Figure 2. 1876 map of North Brunswick showing the site of H. K. How’s farm.

Mike’s site has endured many technological shifts in the way digitized maps are presented on the web. Last year, he migrated from an HTML website with Adobe Flash dependencies to Joomla, the content management system used by the School of Arts and Sciences.

-        Mike: “Every gee wiz technology comes with the flip side that doesn't get mentioned during the PR [rollout] that there's a downside. And so because of security concerns, I was forced to migrate.  What else was it? All these different file formats to deal with (and) the fact that these historical map scans are so large and to try to put it online so people (with) modems can download it. You know, this is even before the [smart] phone. It's never clear and all these tech companies are always competing for [proprietary] formats. So I was experimenting as stuff became available. Was it Zoomify, which relied on Flash? It broke up these big scans into small pieces. And as a matter of fact, I heard from people after the transition. They missed being able to zoom and things like that and wondered when I was going to bring it back. But it's not coming back. At least, not in the foreseeable future. Who knows what next week may bring?”

Current Plans

With the permission of Rutgers University Press, Mike is currently republishing work created between 2005-2009 for a book called Mapping New Jersey: An Evolving Landscape.

-        Mike: “Dave Robinson, Distinguished Professor in the Geography Department and NJ State Climatologist, said some of his students were having trouble getting it (Mapping New Jersey).
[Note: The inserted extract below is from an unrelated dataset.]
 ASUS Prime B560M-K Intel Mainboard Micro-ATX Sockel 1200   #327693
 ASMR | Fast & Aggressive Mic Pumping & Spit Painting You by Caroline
And I told him I would contact the people I worked with at Rutgers University Press to see if we could get a discount for the students. They said I could request to have the rights return to me. I finally contacted them a couple months ago and asked about put[ting] those maps online, even though a lot of them would be dated. That was a time of transition, when all these companies were wrestling with these same kind of things I mentioned, you know, like Microsoft Encarta, and all these reference books were trying to figure out what was next for them and books were coming out with CD-ROMs in the back. It was before we could go to Wikipedia but not long before. And I swear if it was perhaps a year or two later it would not have got the green light to be published. So I've started doing that and I'm hoping to use it as a vehicle to hire some students to give them some work. The reason I went off on how much of a transition period this was, we created the maps with as much looking backwards and as much historical aspect of the topic as possible, knowing that for the latest results, election results or whatever, people are going to go to the web. But to see fifty years of development that led up to where you are now is a lot harder to find.